Likewise, Hispanic business owners can find funding information and other business resources pertinent to their specific needs through Prospera. This nonprofit economic development organization provides bilingual assistance to entrepreneurs seeking to access capital in the form of traditional bank loans as well as SBA and micro-loans.

And while no government loan programs exist exclusively for women business owners, recent history shows that SBA loans are three to five times more likely to go to women than non-SBA-guaranteed loans. On the local level, Women’s Business Centers help in applying for loans and may provide access to alternative capital financing programs.


Obtain a grant.

Almost no federal grant money is available to launch for-profit small businesses. However, some businesses engaged in scientific R&D may qualify for federal grants under the Small Business Innovation Research (SBIR) and the Small Business Technology Transfer (STTR) programs if their projects meet federal objectives and have a high potential for commercialization. For details, visit SBIR.gov. For information about grants available through state and local programs and nonprofit organizations in Florida, visit floridagrantwatch.com.

Active duty and veteran military men and women can look to SBA for information regarding programs and services aimed at helping them start and run small businesses. Among these opportunities are “Boots to Business,” a two-day intensive course in business ownership fundamentals for active service members as well as for veterans, National Guard and Reserve members and their spouses; and a wide range of training, counseling and mentoring services available through SBA’s nationwide network of Veterans Business Outreach Centers (VBOCs).

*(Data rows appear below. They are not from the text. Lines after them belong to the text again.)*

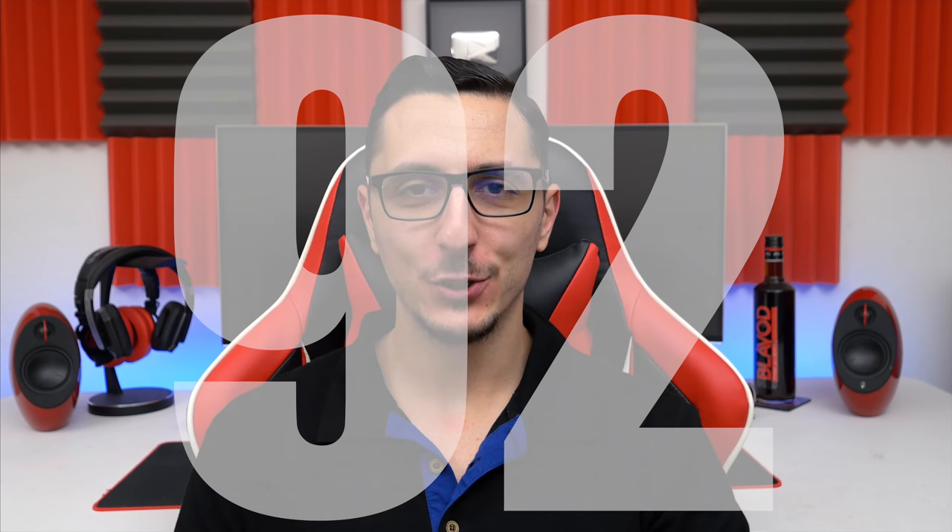What's up guys, it's Ef from TechSaurus and welcome to Setup Wars episode 92, where you submit your desk setup to get featured on the channel. If you guys want to participate, make sure to watch the video linked down below. As always, without wasting any more time, let the setup wars begin.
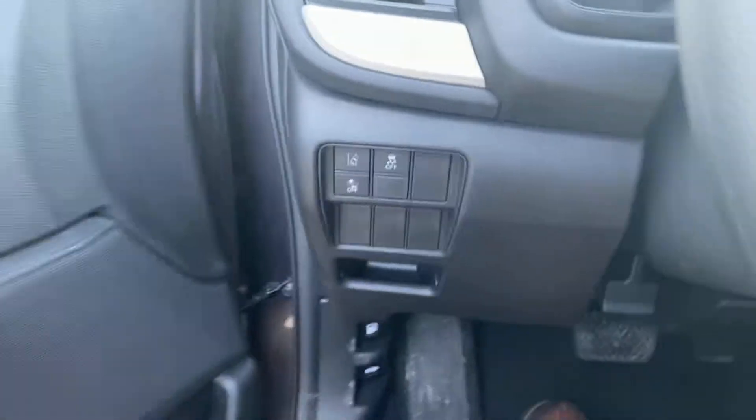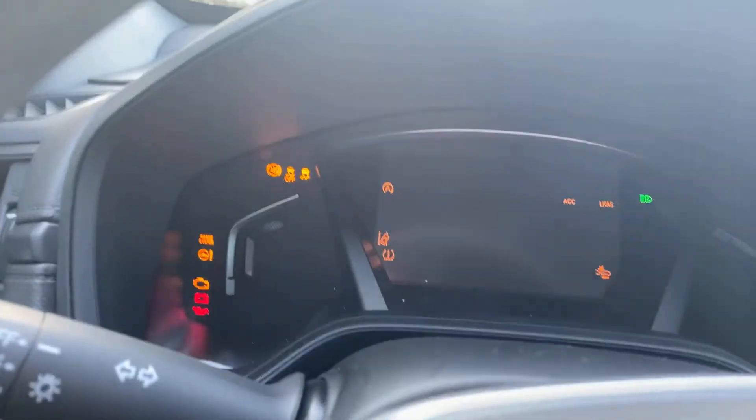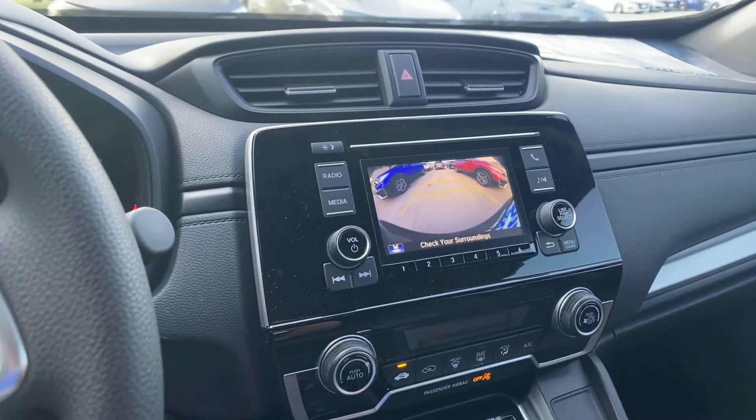Got black interior, Honda Sensing, Bluetooth right there, and this one has got a whopping three miles on it. Let me know if you can come drive it and I'll have it pulled up. Have a great day Robin, thanks.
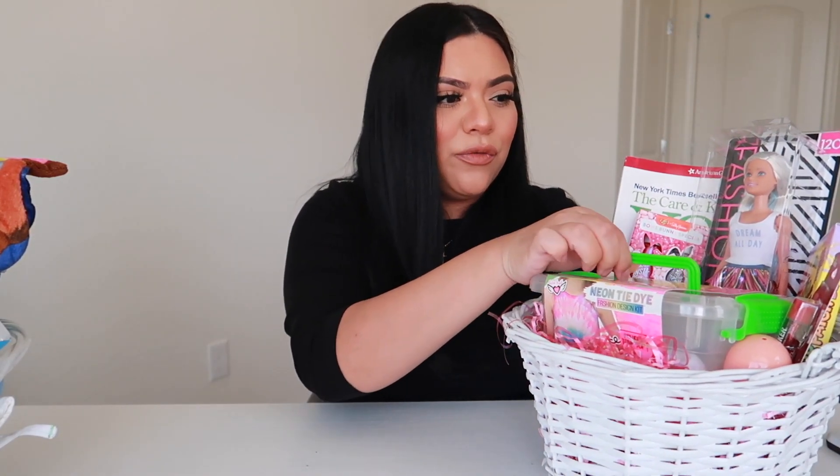Now we're going to go ahead and move into Sophia's Easter basket. Sophia is eight, so she's at a different age than Santana. But she still loves dolls and all things girly — she's super girly. So let's go ahead and go with the big thing I got her.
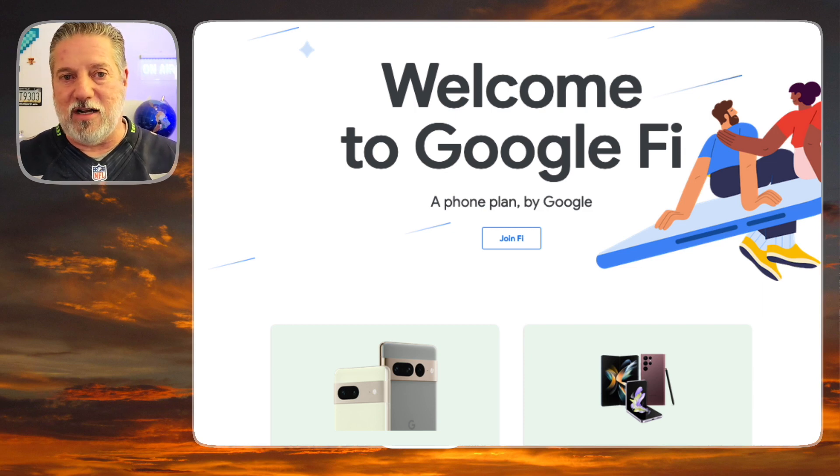I talk about Google Fi a lot because I use it and I love it. Google Fi uses the T-Mobile towers, also US Cellular I believe. Here in Lubbock I get great coverage all over town, 5G in parts of town. It's great — I love it. That's why I talk about it.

In addition, two comprehensive SBA loan programs are available to vets: The Veterans Advantage Loan Program provides up to $5 million for businesses at least 51% owned and controlled by veterans; and the Military Reservist Economic Injury Disaster Loan of up to $2 million to help cover operating costs while a veteran is on active duty.


Give crowdfunding a try.

way to launch a business by getting a bunch of people you may or may not know to donate the startup money online. If you decide to go this route, you can either create and manage your own crowdfunding site or use an existing crowdfunding platform such as Kickstarter, GoFundMe or iFundWomen. There are pros and cons to either option, and the SEC has rules and procedures for soliciting “shareholders” online. If crowdfunding appeals to you, look to the specialists at your local Florida SBDC office for advice and do your homework before signing on to anything.

COVID-19: Continuing to Speed Recovery

On March 24, 2021, SBA announced plans to more than triple the maximum amount small businesses and nonprofit organizations can borrow through its Economic Injury Disaster Loan (EIDL) program. Beginning the week of April 6, the maximum loan limit of $150,000 shot up to $500,000, and the program itself from six months of economic injury to a maximum of 24 months. New loans are automatically being considered for the higher cap; businesses that received a smaller loan under the previous conditions are being contacted by SBA with regard to additional paperwork as needed. Funds made available through EIDL do not have to be repaid.